Except for the pictures, reproduce the records word for word.
─── Data to use
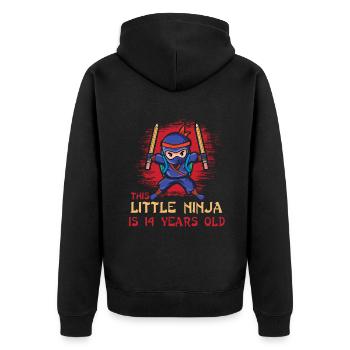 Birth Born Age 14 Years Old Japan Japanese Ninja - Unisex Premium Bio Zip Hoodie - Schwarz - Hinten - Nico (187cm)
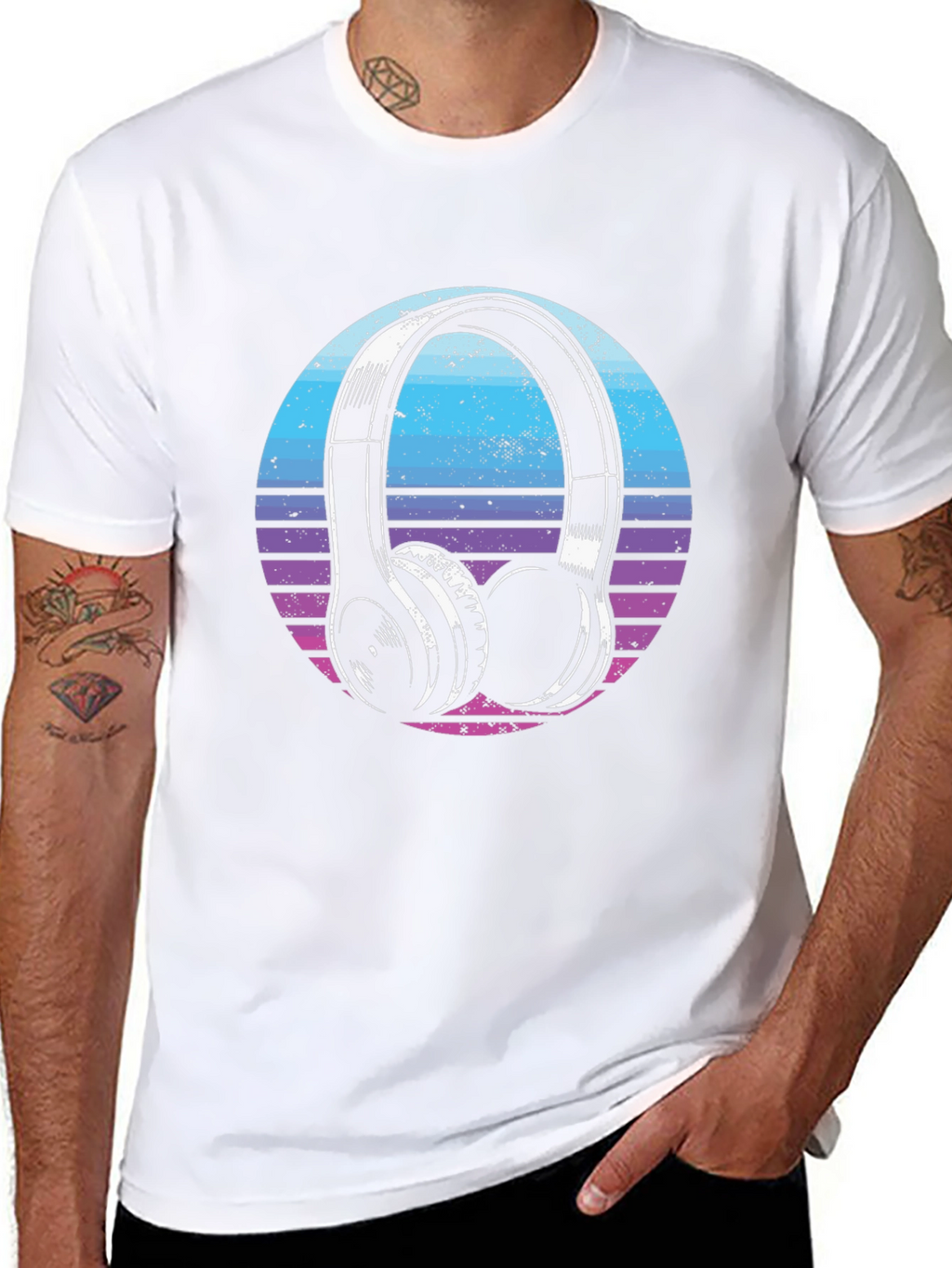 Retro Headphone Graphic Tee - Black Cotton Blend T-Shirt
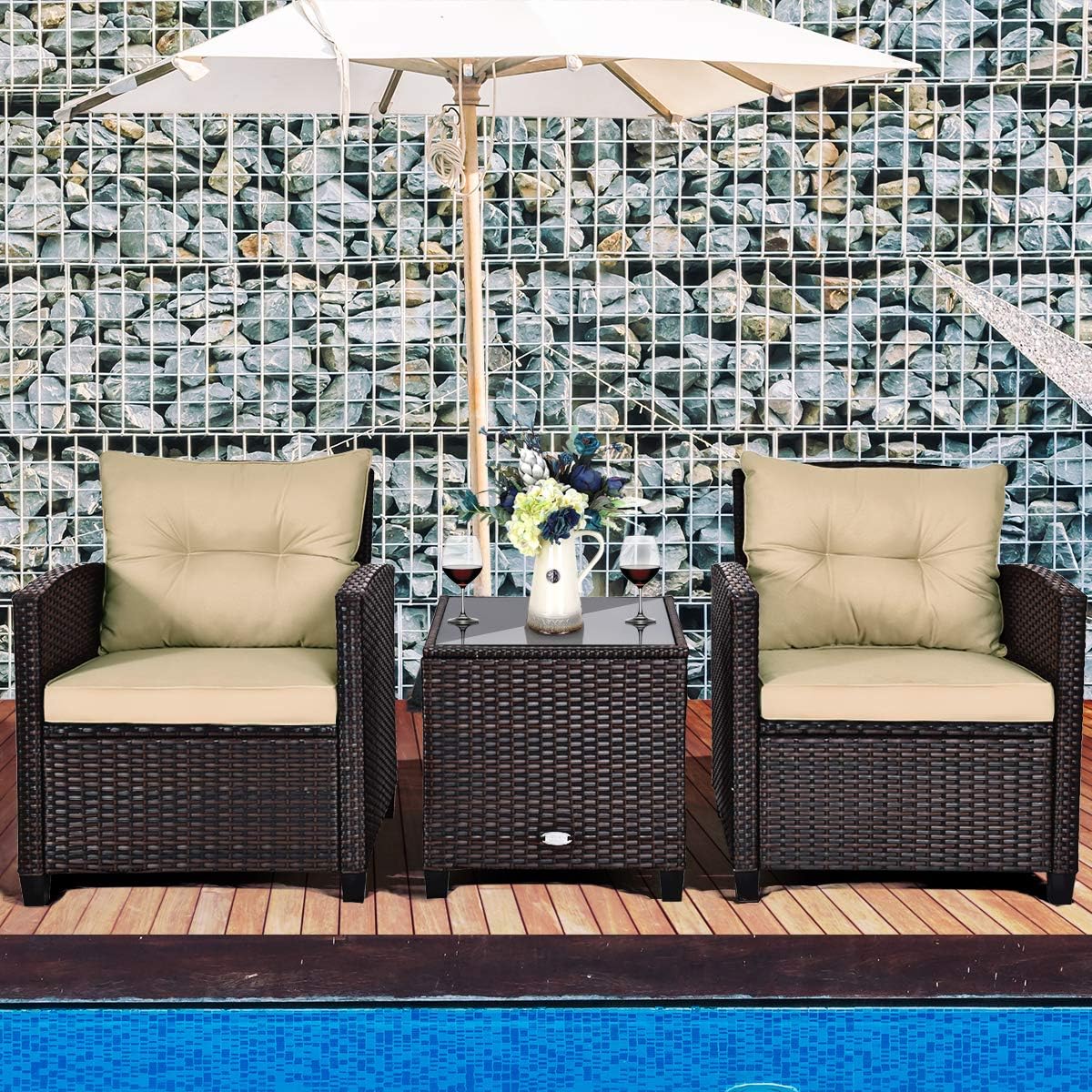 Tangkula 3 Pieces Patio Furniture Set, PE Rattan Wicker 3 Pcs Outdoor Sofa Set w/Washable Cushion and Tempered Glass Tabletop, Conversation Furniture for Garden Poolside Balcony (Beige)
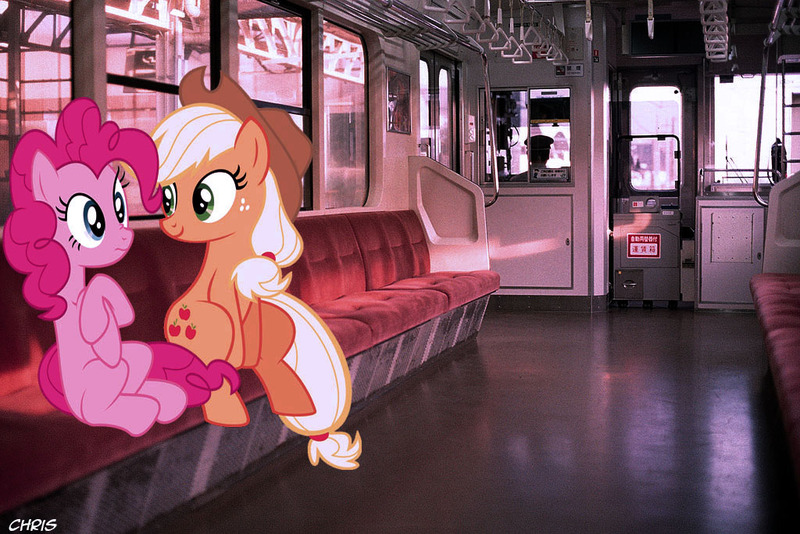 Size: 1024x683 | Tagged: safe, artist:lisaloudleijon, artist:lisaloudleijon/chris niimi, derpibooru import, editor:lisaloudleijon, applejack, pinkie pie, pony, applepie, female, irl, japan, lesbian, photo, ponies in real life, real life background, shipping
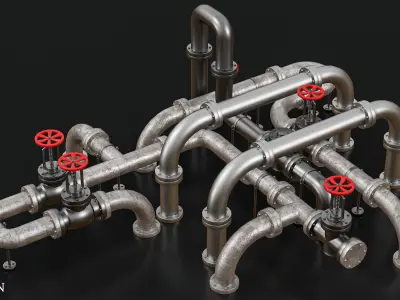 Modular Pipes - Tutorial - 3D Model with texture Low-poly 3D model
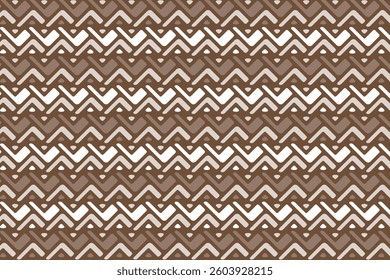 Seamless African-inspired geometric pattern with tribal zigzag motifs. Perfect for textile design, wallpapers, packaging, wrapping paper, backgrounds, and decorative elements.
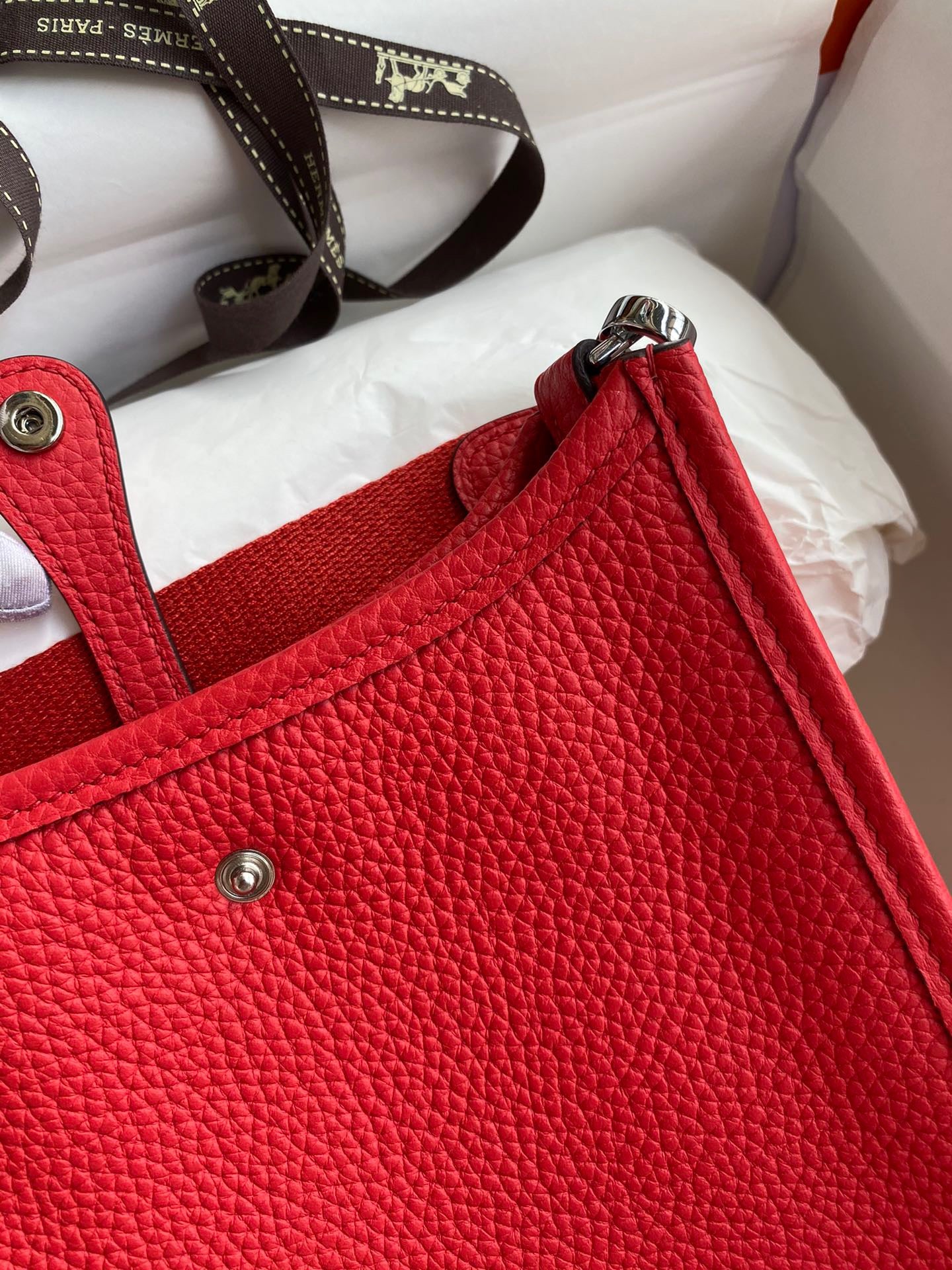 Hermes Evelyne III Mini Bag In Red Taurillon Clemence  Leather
──────
Task solution:
 Birth Born Age 14 Years Old Japan Japanese Ninja - Unisex Premium Bio Zip Hoodie - Schwarz - Hinten - Nico (187cm)
 Retro Headphone Graphic Tee - Black Cotton Blend T-Shirt
 Tangkula 3 Pieces Patio Furniture Set, PE Rattan Wicker 3 Pcs Outdoor Sofa Set w/Washable Cushion and Tempered Glass Tabletop, Conversation Furniture for Garden Poolside Balcony (Beige)
 Size: 1024x683 | Tagged: safe, artist:lisaloudleijon, artist:lisaloudleijon/chris niimi, derpibooru import, editor:lisaloudleijon, applejack, pinkie pie, pony, applepie, female, irl, japan, lesbian, photo, ponies in real life, real life background, shipping
 Modular Pipes - Tutorial - 3D Model with texture Low-poly 3D model
 Seamless African-inspired geometric pattern with tribal zigzag motifs. Perfect for textile design, wallpapers, packaging, wrapping paper, backgrounds, and decorative elements.
 Hermes Evelyne III Mini Bag In Red Taurillon Clemence  Leather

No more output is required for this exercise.